--- Assignment ---
In the entries below, find the line with "2025 RAM Ram" and print exactly every line from there up to and including the line with "VALENTINE’S GIFTS TO FALL FOR", with no other lines.

--- Supplied material ---
┄┄┄┄┄┄┄┄┄┄┄┄┄┄┄┄┄┄┄┄

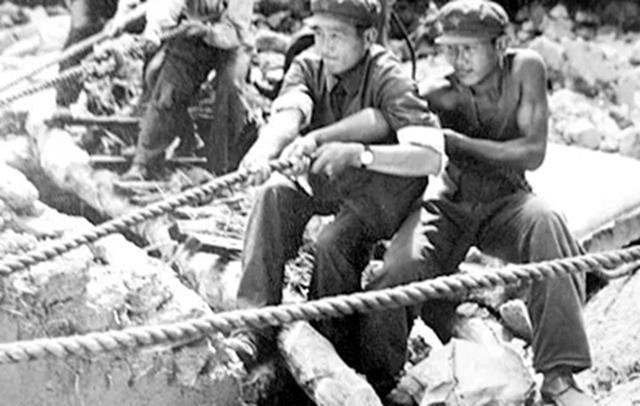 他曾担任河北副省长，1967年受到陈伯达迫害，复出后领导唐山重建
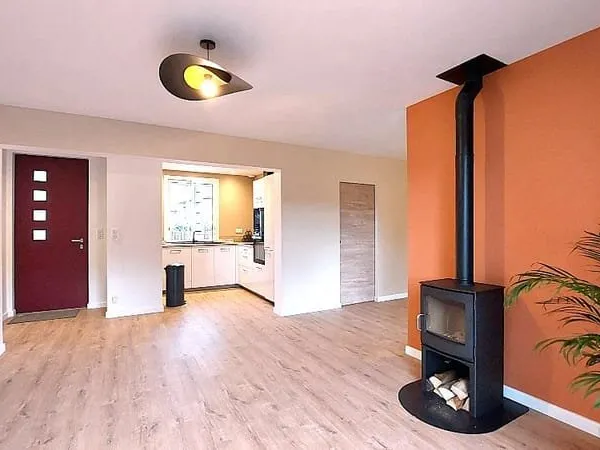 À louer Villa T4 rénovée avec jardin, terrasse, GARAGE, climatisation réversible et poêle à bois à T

┄┄┄┄┄┄┄┄┄┄┄┄┄┄┄┄┄┄┄┄

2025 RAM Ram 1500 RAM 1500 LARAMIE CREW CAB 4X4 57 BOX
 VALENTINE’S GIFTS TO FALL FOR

┄┄┄┄┄┄┄┄┄┄┄┄┄┄┄┄┄┄┄┄

--- Result below ---
2025 RAM Ram 1500 RAM 1500 LARAMIE CREW CAB 4X4 57 BOX
 VALENTINE’S GIFTS TO FALL FOR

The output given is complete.